Task description. Write out each line of the material exactly as given, and drop the images.

Provided material.
-- -- --
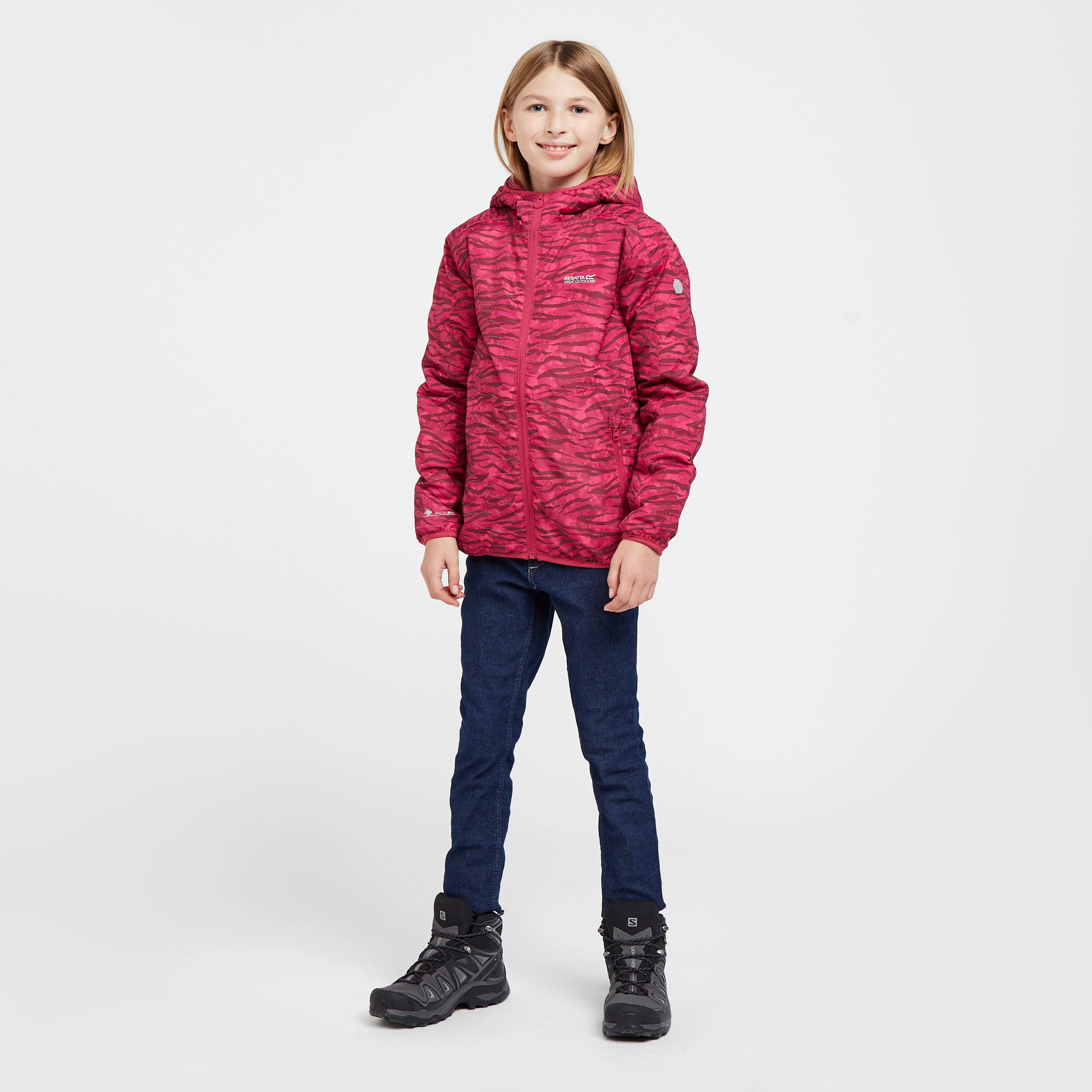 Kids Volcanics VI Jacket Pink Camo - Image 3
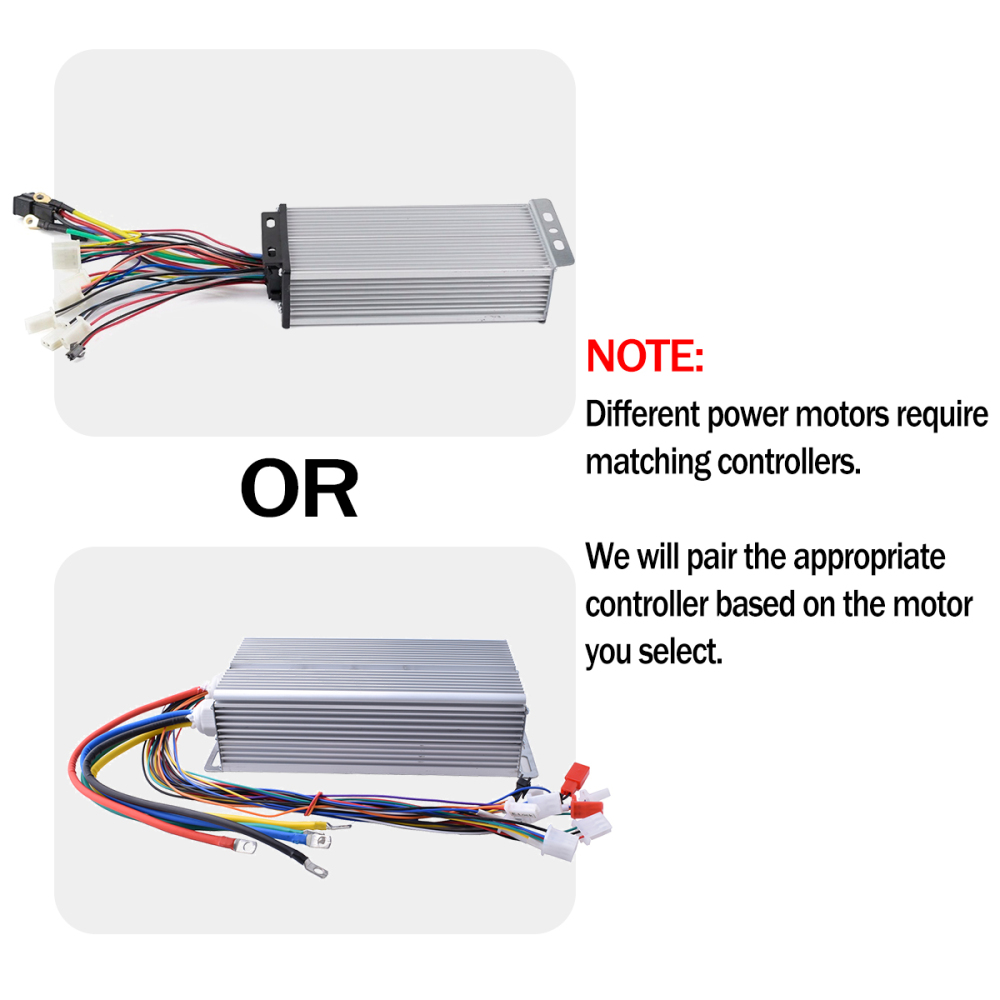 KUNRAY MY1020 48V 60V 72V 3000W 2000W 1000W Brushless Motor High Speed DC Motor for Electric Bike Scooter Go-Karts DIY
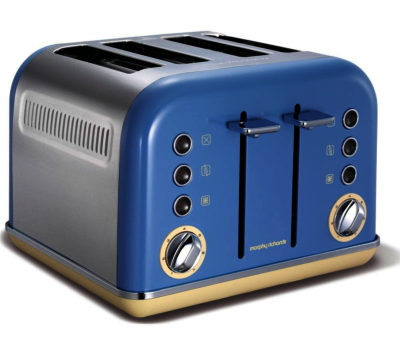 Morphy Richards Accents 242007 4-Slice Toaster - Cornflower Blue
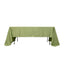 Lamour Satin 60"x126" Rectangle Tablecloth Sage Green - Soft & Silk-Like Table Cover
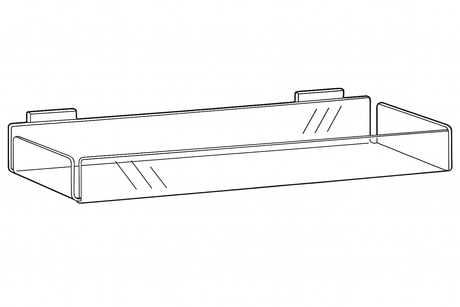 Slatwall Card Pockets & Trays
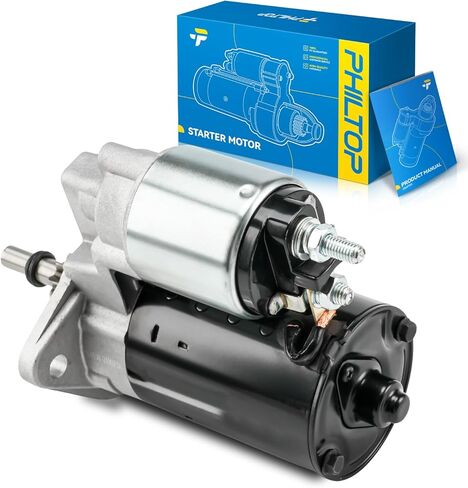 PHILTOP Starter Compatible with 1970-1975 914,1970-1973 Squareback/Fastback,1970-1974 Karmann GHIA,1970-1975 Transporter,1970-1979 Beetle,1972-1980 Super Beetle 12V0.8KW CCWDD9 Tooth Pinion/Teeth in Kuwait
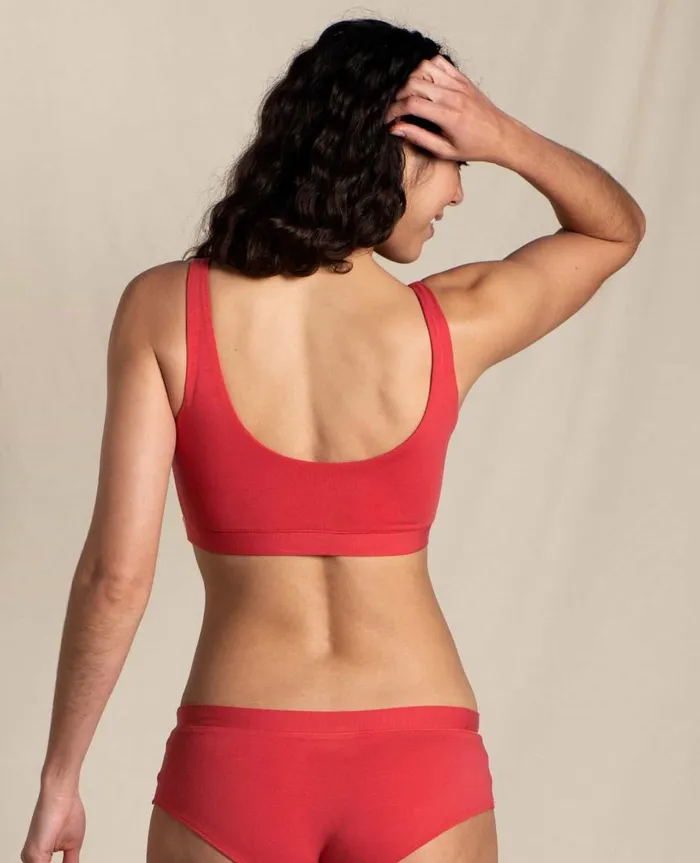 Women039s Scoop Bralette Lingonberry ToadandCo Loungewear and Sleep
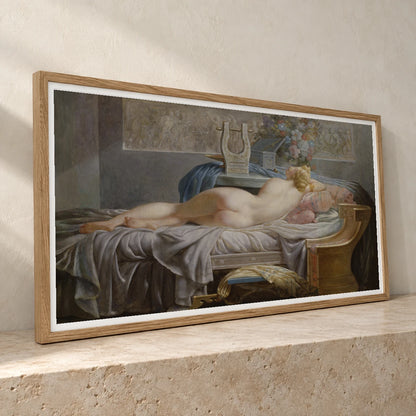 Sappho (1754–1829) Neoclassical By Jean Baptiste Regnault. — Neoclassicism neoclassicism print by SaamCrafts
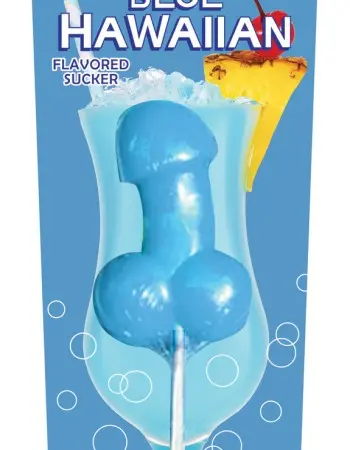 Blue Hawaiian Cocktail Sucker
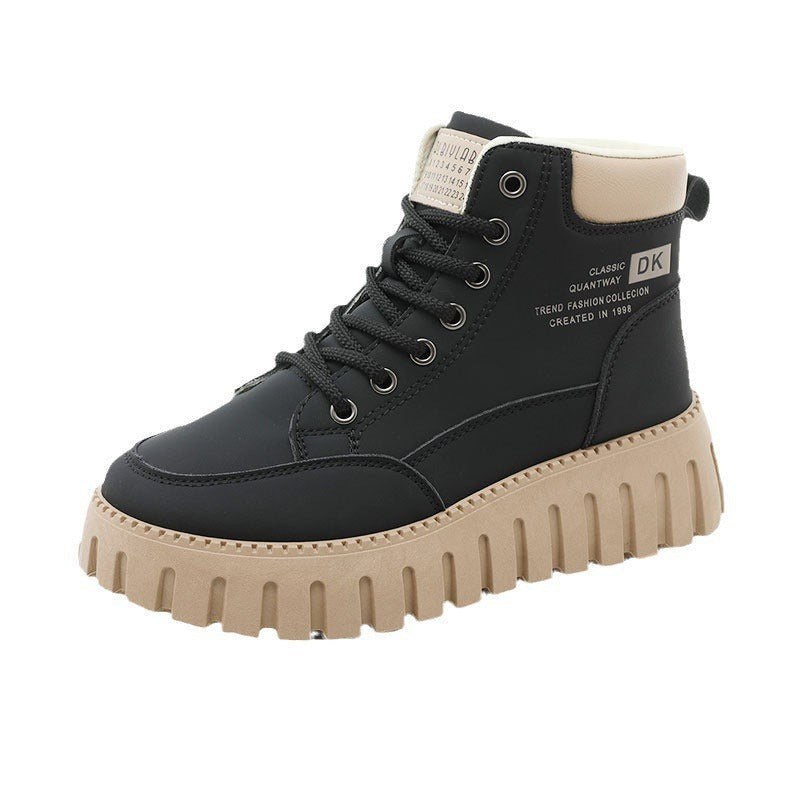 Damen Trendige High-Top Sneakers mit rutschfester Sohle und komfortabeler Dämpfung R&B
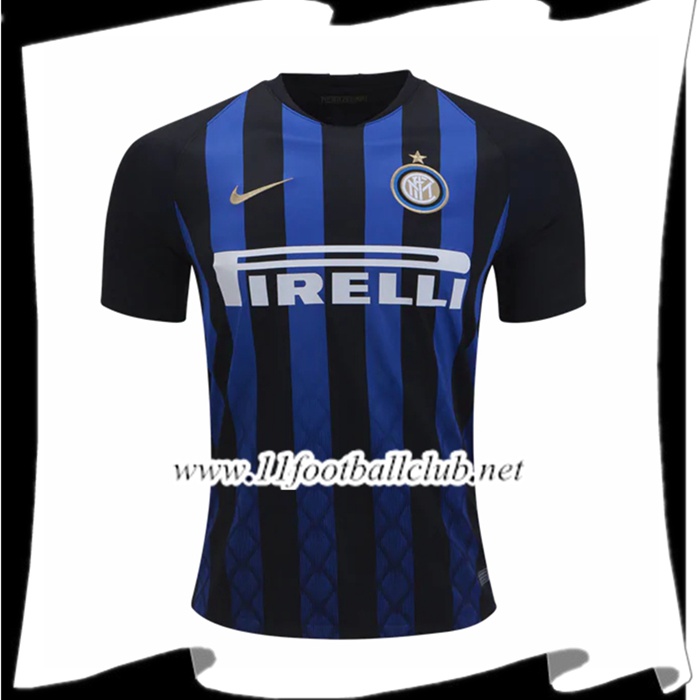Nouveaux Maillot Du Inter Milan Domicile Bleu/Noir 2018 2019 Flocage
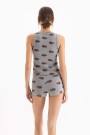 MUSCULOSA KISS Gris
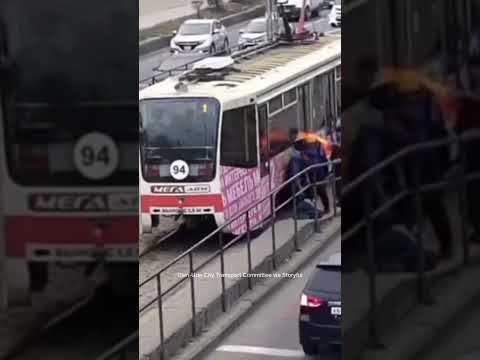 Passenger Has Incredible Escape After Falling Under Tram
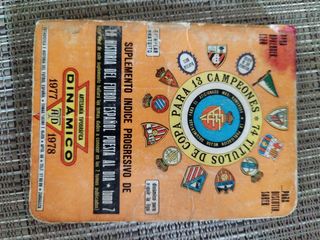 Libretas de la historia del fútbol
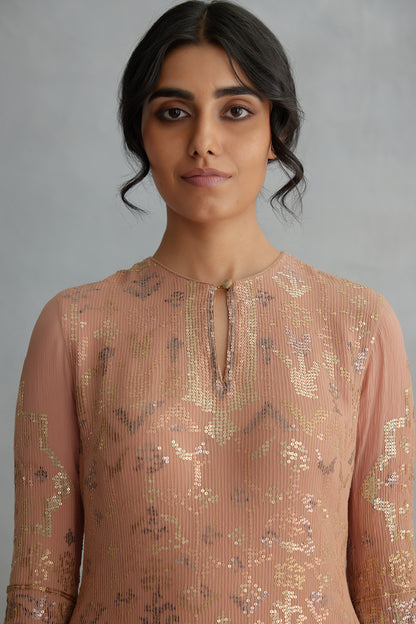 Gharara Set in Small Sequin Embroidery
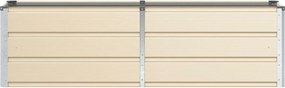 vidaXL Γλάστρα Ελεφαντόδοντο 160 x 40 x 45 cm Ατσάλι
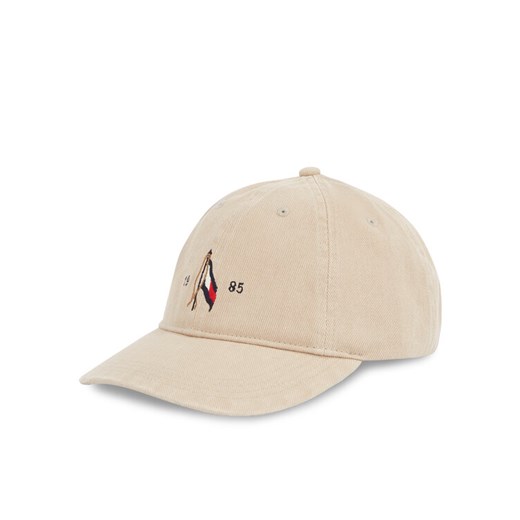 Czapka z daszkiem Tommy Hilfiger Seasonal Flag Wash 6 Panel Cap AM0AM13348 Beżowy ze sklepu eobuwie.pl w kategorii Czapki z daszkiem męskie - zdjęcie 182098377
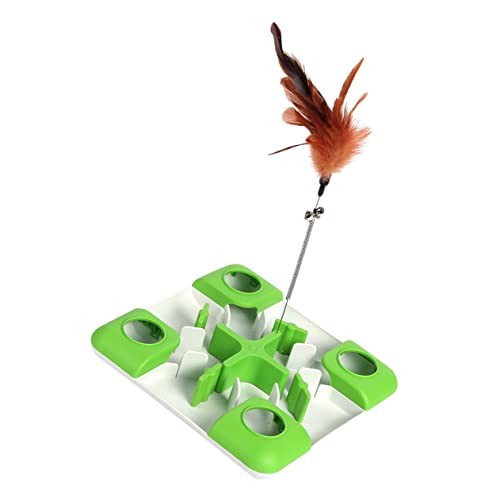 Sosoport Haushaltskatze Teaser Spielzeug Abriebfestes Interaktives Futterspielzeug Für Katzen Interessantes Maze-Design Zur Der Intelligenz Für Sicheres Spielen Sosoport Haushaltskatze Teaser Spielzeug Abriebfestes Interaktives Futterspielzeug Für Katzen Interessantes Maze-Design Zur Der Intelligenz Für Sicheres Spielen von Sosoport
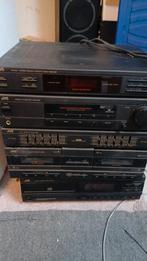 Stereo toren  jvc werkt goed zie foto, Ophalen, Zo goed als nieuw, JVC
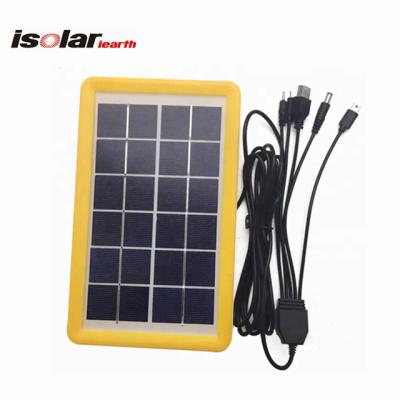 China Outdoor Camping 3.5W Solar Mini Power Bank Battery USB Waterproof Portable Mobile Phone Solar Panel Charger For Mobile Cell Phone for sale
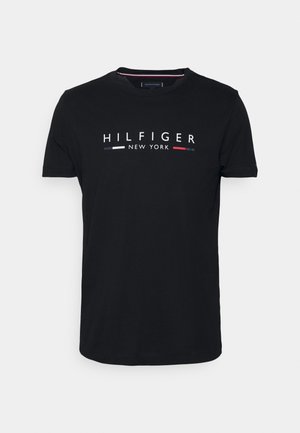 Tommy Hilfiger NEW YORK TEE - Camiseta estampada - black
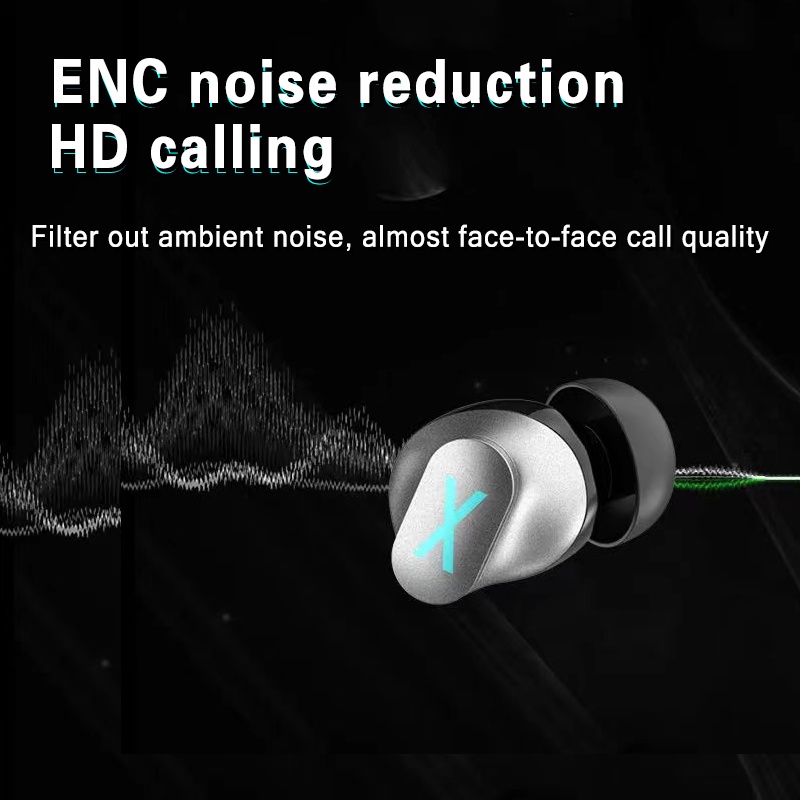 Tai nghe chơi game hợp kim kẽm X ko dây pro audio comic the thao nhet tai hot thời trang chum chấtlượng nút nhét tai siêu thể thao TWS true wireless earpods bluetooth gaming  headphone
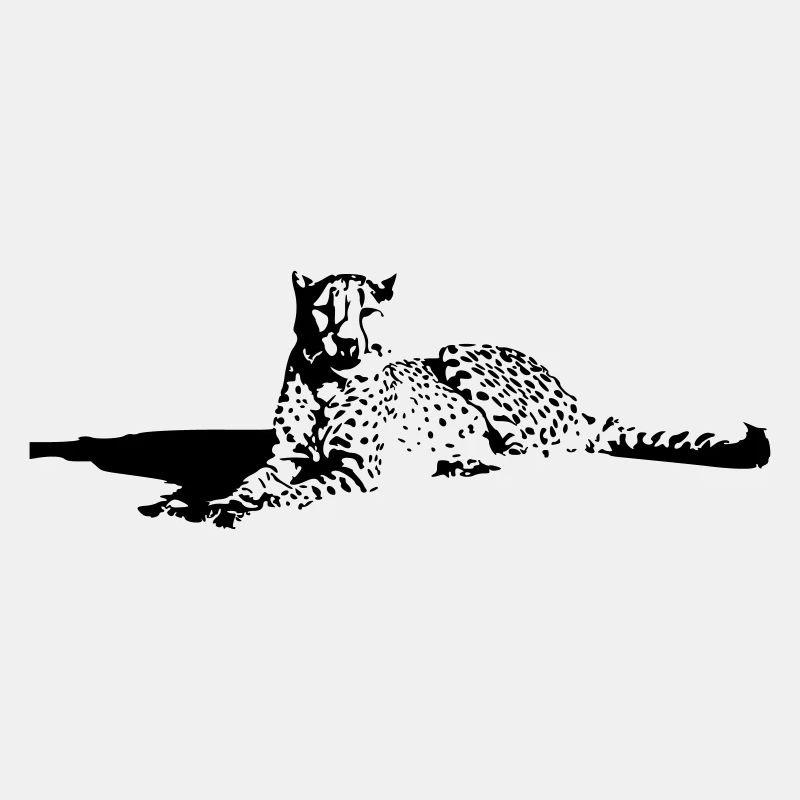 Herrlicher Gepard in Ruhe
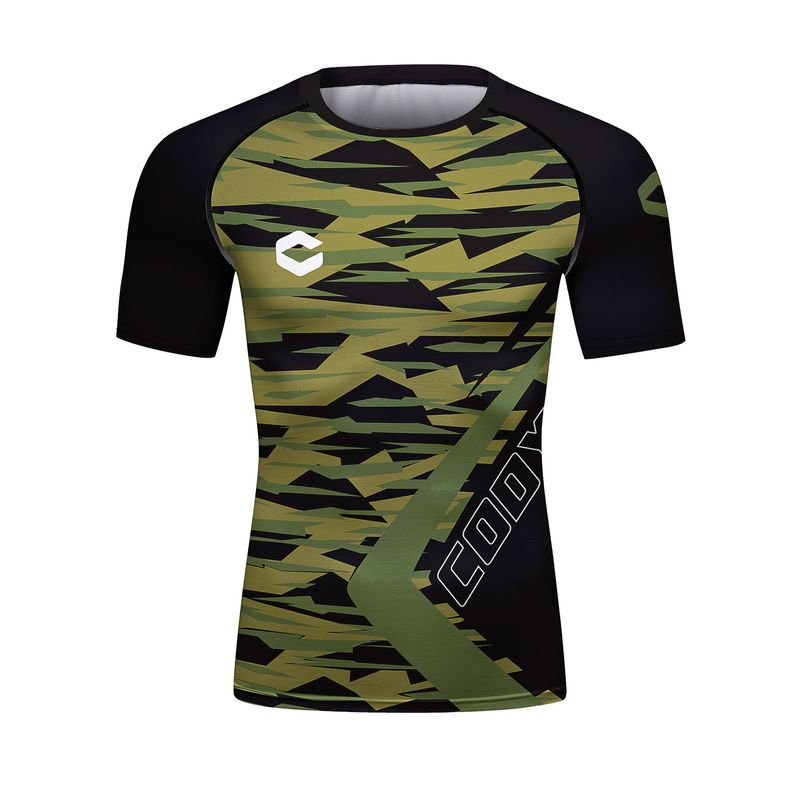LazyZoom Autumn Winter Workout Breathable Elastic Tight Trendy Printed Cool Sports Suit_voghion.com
-- -- --
The answer.
 Kids Volcanics VI Jacket Pink Camo - Image 3
 KUNRAY MY1020 48V 60V 72V 3000W 2000W 1000W Brushless Motor High Speed DC Motor for Electric Bike Scooter Go-Karts DIY
 Morphy Richards Accents 242007 4-Slice Toaster - Cornflower Blue
 Lamour Satin 60"x126" Rectangle Tablecloth Sage Green - Soft & Silk-Like Table Cover
 Slatwall Card Pockets & Trays
 PHILTOP Starter Compatible with 1970-1975 914,1970-1973 Squareback/Fastback,1970-1974 Karmann GHIA,1970-1975 Transporter,1970-1979 Beetle,1972-1980 Super Beetle 12V0.8KW CCWDD9 Tooth Pinion/Teeth in Kuwait
 Women039s Scoop Bralette Lingonberry ToadandCo Loungewear and Sleep
 Sappho (1754–1829) Neoclassical By Jean Baptiste Regnault. — Neoclassicism neoclassicism print by SaamCrafts
 Blue Hawaiian Cocktail Sucker
 Damen Trendige High-Top Sneakers mit rutschfester Sohle und komfortabeler Dämpfung R&B
Nouveaux Maillot Du Inter Milan Domicile Bleu/Noir 2018 2019 Flocage
 MUSCULOSA KISS Gris
 Passenger Has Incredible Escape After Falling Under Tram
 Libretas de la historia del fútbol
 Gharara Set in Small Sequin Embroidery
 vidaXL Γλάστρα Ελεφαντόδοντο 160 x 40 x 45 cm Ατσάλι
 Czapka z daszkiem Tommy Hilfiger Seasonal Flag Wash 6 Panel Cap AM0AM13348 Beżowy ze sklepu eobuwie.pl w kategorii Czapki z daszkiem męskie - zdjęcie 182098377
 Sosoport Haushaltskatze Teaser Spielzeug Abriebfestes Interaktives Futterspielzeug Für Katzen Interessantes Maze-Design Zur Der Intelligenz Für Sicheres Spielen Sosoport Haushaltskatze Teaser Spielzeug Abriebfestes Interaktives Futterspielzeug Für Katzen Interessantes Maze-Design Zur Der Intelligenz Für Sicheres Spielen von Sosoport
 Stereo toren  jvc werkt goed zie foto, Ophalen, Zo goed als nieuw, JVC
 China Outdoor Camping 3.5W Solar Mini Power Bank Battery USB Waterproof Portable Mobile Phone Solar Panel Charger For Mobile Cell Phone for sale
 Tommy Hilfiger NEW YORK TEE - Camiseta estampada - black
 Tai nghe chơi game hợp kim kẽm X ko dây pro audio comic the thao nhet tai hot thời trang chum chấtlượng nút nhét tai siêu thể thao TWS true wireless earpods bluetooth gaming  headphone
 Herrlicher Gepard in Ruhe
LazyZoom Autumn Winter Workout Breathable Elastic Tight Trendy Printed Cool Sports Suit_voghion.com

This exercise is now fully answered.